These particular qualities make quarterly OKRs especially useful when the company is in an environment characterized by the following:
 

  • Constraint: Allocating resources based on shorter-term priorities can enable teams to optimize their workforce and budget by planning at a more detailed level.
  • Experimentation: Setting out to do something you’ve never done before is an important reason for using the OKR system. Quarterly OKRs allow for more room to experiment, test hypotheses, and learn from mistakes; because they are shorter-term, they come with less risk of time lost when mistakes happen.
  • Low Morale: Quarterly OKRs keep a team focused on more manageable goals — and since they require reevaluation every three months rather than every year, they are useful  to motivate employees more regularly and celebrate achievements as well as to adopt course-correction measures.
  • Uncertainty: For young companies such as startups or in rapidly changing industries such as healthcare or technology, quarterly OKRs are useful for setting goals that you may need to quickly adjust.

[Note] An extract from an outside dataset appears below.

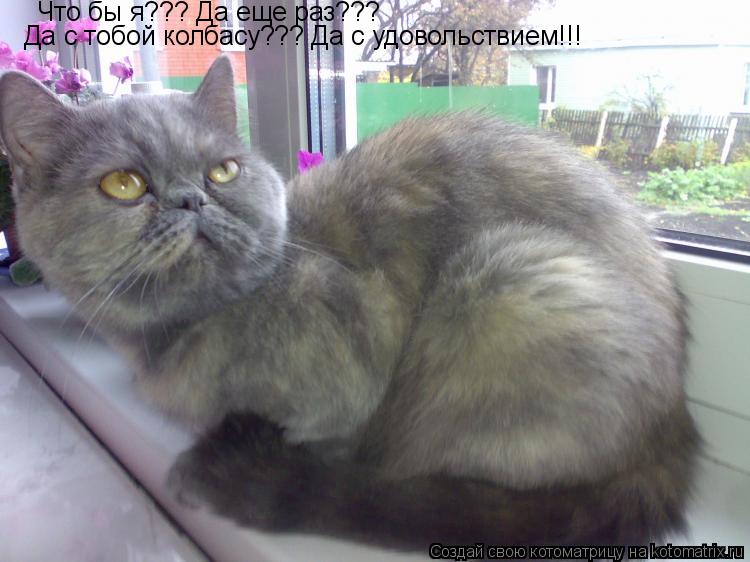 Котоматрица: Что бы я??? Да еще раз???  Да с тобой колбасу??? Да с удовольствием!!!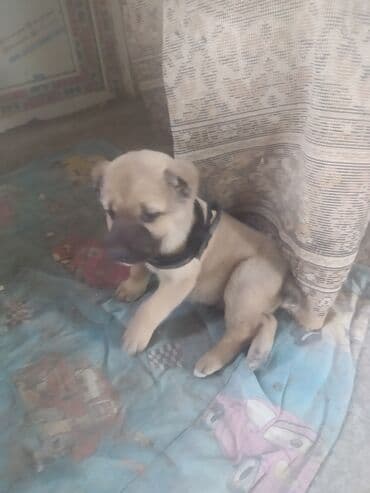 приют для кошек в баку: 1 месяц — 1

If these companies are experiencing growth in a volatile market, then it’s important to have these shorter timeframes, rather than running the risk of having to make longer-term predictions.

Annual OKR planning

Annual OKR planning involves defining an organization’s objectives and goals over the course of a full year, as well as laying out the results that will be used to measure progress toward those goals. Annual OKRs are more top-level than quarterly OKRs, and they offer a general roadmap or compass for developing strategies and making decisions.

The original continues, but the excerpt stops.